→ TASK STATEMENT
Nothing in the data should change when you return it, but leave the pictures out.

→ TASK DATA
- - -

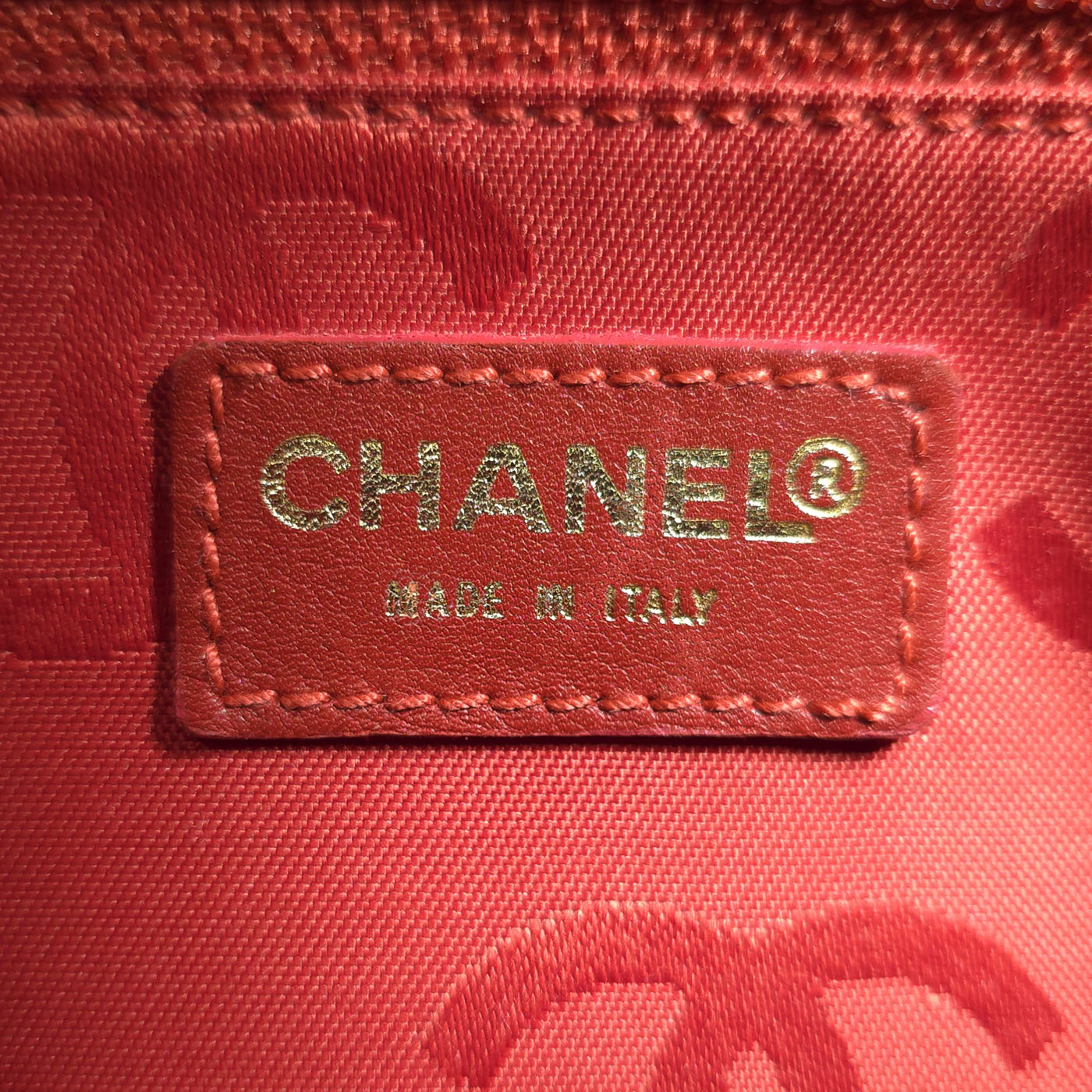 Vintage Chanel Wild Stitch Red Quilted CC Diagonal Tote Bag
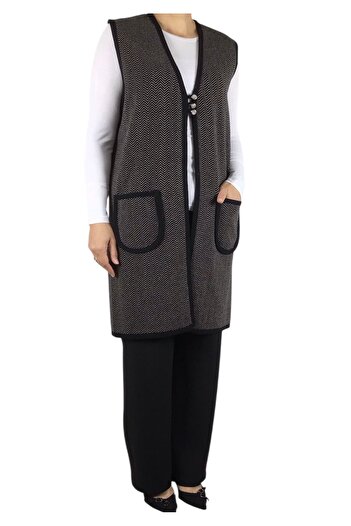ECE GİYİM Women's Patterned Three Button Thick Winter Vest
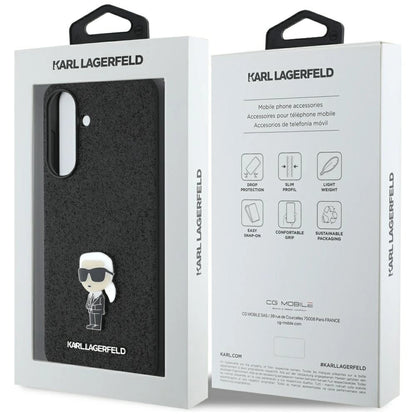 Karl Lagerfeld Fixed Glitter Ikonik Logo Metal Pin Case for Samsung Galaxy A56 - Black_6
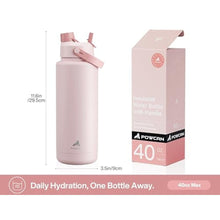 Load image into Gallery viewer, POWCAN 40 oz Insulated Water Bottle with 2-in-1 Straw and Spout Lid, Keep Cold 24H, Leak-Proof, BPA-Free, Double Wall Stainless Steel Water Bottle for Sports, Gym, Travel, and School (Cotton Candy), CottonCandy_6375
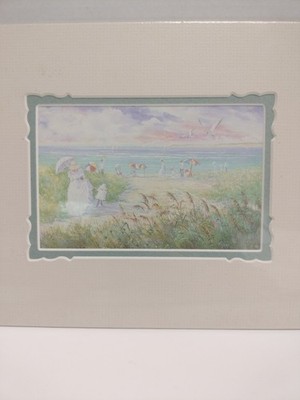  LYNDA GEYER 4 X6 Let's Go  Art Print  Mother Child Beach Shore in Mat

- - -

→ TASK SOLUTION
 Vintage Chanel Wild Stitch Red Quilted CC Diagonal Tote Bag
ECE GİYİM Women's Patterned Three Button Thick Winter Vest
 Karl Lagerfeld Fixed Glitter Ikonik Logo Metal Pin Case for Samsung Galaxy A56 - Black_6
 Load image into Gallery viewer, POWCAN 40 oz Insulated Water Bottle with 2-in-1 Straw and Spout Lid, Keep Cold 24H, Leak-Proof, BPA-Free, Double Wall Stainless Steel Water Bottle for Sports, Gym, Travel, and School (Cotton Candy), CottonCandy_6375
  LYNDA GEYER 4 X6 Let's Go  Art Print  Mother Child Beach Shore in Mat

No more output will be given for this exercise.